The speaker encoder is a neural network framework that is scalable and can verify the speaker, generates variable-length acoustic features from input speech of arbitrary length, and converts the variable-length acoustic features into fixed-dimension speaker-embedded vectors. The speaker encoder model used herein is an extensible and very accurate speaker verification neural network framework that generates a fixed-dimensional speaker-embedded vector from a series of acoustic frames computed from speech sentences of arbitrary length. The method utilizes the speaker embedded vector to adjust a TTS model of a reference voice signal of a target speaker, so that the generated voice has the speaker identity of the target speaker.

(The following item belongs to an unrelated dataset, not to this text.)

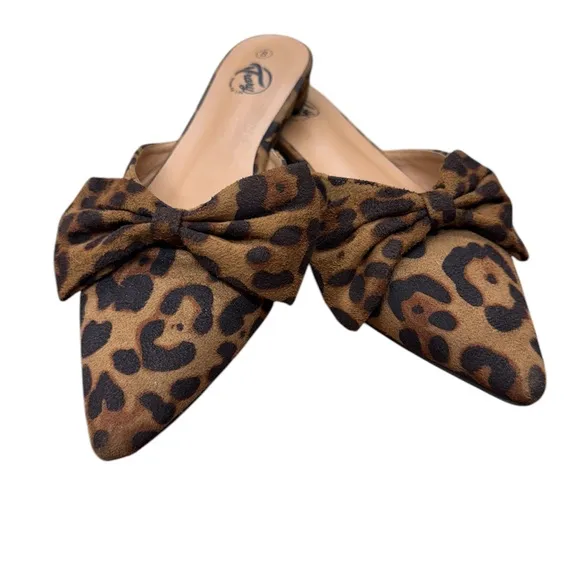 Trary Women's Backless Loafers Mule Shoes Leopard Print, Pointed Toe Flats Sz 8
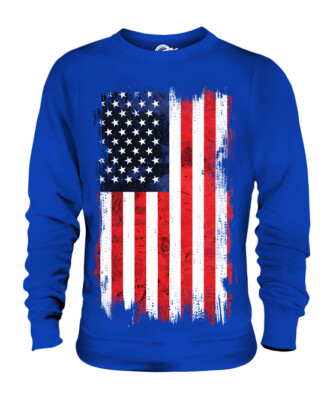 STARS AND STRIPES GRUNGE FLAG UNISEX SWEATER TOP USA US UNITED STATES AMERICA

Generalized end-to-end speaker verification loss-loss is optimized by training the speaker encoder such that speech embedding from the same speaker has a high co-sinusoidal similarity, while speech embedding from different speakers is spatially far apart. It is desirable for the speaker encoder to learn a representation related to speech synthesis that captures the characteristics of non-channel accents that are not visible during training.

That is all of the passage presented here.